Try and use one question per post. It’s easier for the reply and the readers.
What are the advantages of using the belt for addressing over direct access to the output registers? Is this purely an instruction density thing?
What’s an output register?
Why does the split mux tree design prevent you from specifying latency-1 instructions with multiple drops? Couldn’t you just have a FU with multiple output registers feeding into the latency-1 tree? I’m not able to visualize what makes it difficult.
Hardware fanout and clock constraints. Lat-1 is clock critical and the number of sources (and the muxes for them) add latency to the lat-1 FUs. Lettng lat-1s drop two results would double the number of sources for the belt crossbar, and it’s not worth it. Lat-2 and up have much more clock room.

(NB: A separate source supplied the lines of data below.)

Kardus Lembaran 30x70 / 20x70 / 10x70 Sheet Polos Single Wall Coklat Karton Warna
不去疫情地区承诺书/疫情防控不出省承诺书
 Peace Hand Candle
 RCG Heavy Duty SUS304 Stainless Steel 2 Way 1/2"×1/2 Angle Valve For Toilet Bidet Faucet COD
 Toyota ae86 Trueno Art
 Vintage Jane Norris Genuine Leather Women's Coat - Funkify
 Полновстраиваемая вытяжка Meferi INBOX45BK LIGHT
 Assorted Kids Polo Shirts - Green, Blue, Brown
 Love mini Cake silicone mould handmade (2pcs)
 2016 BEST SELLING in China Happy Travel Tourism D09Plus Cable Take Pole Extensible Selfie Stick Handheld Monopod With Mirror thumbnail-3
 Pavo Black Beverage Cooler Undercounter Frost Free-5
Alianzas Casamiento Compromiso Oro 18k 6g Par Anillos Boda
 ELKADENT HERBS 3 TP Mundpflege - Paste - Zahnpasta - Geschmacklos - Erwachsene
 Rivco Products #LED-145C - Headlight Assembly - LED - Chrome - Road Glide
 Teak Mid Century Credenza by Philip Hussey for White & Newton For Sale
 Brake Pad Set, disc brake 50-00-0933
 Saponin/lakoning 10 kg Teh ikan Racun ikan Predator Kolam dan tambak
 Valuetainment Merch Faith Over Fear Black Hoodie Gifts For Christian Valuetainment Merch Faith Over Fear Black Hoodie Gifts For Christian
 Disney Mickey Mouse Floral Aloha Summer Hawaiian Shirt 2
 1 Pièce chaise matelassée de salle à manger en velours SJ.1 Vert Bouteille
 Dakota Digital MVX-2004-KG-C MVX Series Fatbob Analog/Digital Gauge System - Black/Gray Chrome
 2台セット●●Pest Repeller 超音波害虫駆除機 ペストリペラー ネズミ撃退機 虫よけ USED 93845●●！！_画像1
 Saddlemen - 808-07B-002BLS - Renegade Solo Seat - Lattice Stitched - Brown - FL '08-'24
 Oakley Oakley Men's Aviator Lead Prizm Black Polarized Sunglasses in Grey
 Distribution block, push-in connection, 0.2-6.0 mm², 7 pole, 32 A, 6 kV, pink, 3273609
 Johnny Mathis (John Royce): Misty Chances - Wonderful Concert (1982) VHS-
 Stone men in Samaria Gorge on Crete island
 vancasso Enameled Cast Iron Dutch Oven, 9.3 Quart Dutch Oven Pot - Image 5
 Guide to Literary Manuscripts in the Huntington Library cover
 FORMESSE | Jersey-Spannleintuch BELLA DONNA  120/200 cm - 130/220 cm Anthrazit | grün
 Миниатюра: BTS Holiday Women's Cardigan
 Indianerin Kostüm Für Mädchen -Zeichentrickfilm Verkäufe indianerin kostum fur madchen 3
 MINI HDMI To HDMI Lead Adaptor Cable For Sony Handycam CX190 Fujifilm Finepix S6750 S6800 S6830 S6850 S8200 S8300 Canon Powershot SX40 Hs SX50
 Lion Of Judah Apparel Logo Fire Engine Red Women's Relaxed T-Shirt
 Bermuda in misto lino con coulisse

For that matter, how does the second-level mux tree know how to route if the one-cycle mux tree only knows a cycle in advance? It seemed to me like either both mux trees would be able to see enough to route the info, or neither would. Does this have to do with the logical-to-physical belt mapping, because that’s the only thing I can think of that the second-level mux tree would have over the one-cycle tree.
There’s no problem with the routing itself; everything is known for all latencies when the L2P mapping is done. The problem is in the physical realization of that routing in minimal time. A one-level tree would have so many sources that we’d need another pipe cycle in there to keep the clock rate up.